Saturday, May 14, 2016

"Travels with my Aunt" Disappointingly ordinary fare from the usuallyextraordinary Chichester Festival Theatre



The day before I saw "Travels with My Aunt" I saw Hugh Bonneville and company in a scintillating production of the Ibsen/Hampton "An Enemy of the People". It was one of the best theatrical experiences of my life and I will write about it soon. We have come to expect the highest quality at Chichester and the Ibsen production was as good as it gets. But the new musical based on Graham Greene's novella fell far short of the Theatre's usual standard.

If you are going to dramatise "Travels with My Aunt" and add music there has surely to be a reason why. I enjoyed the 1970s film with Maggie Smith and Alec McCowan and the 1990s stage play. So the first question you can legitimately ask is "Why?" now a musical. If Stephen Sondheim had done it you'd have your reason. But this was by George Stiles and Anthony Drewe who are not, it should be said, in that league - and it showed. There was no consistent style (pun intended) to Stiles musical score - sometimes ersatz Sondheim, sometimes Frederick Loewe on an off day. Steven Pacey, who played the middle-aged Henery Pulling who is travelling with his Aunt, sounded like Henry Higgins at times. 

"Travels with my Aunt" is Graham Greene Lite - an "Entertainment" rather than a novel. That said, as with all Greene, there is more to it than a superficial reading would suggest. It is satire and the story is deliberatly absurd. The book of the Musical is reasonably faithful to the original and as such becomes a fairy tale but, I felt, one without much meaning. I don't know whether it was designed as a vehicle for Patricia Hodge who plays Aunt Augusta  - they have given her a starring role, but her character does not have much depth. She performs it well and sings well too. But we are not convinced that her character is even slightly real.
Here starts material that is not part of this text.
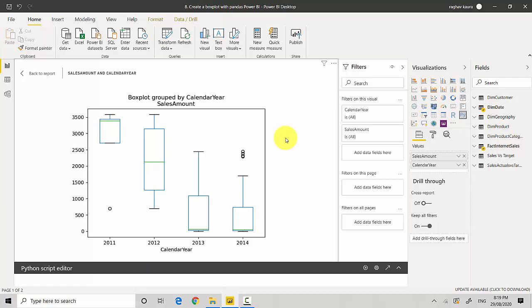Just to recap, in this video we've learned how to create a box plot using the pandas library in Power BI. So I hope you find this video useful. Do like my video and subscribe to my channel if you enjoy what I'm doing. Let me know if you would like me to take any specific topic. Cheers, bye.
You will not come away whistling the tunes - they were uniformly ordinary. The staging is minimalist and there was little real oomph in any of the numbers. The cast was good, the dancing lively and the ensemble singing adequate. But it all seemed to go on too long and be inordinately pleased with itself. In truth it's not very good and I doubt that it will have much life after its Festival run.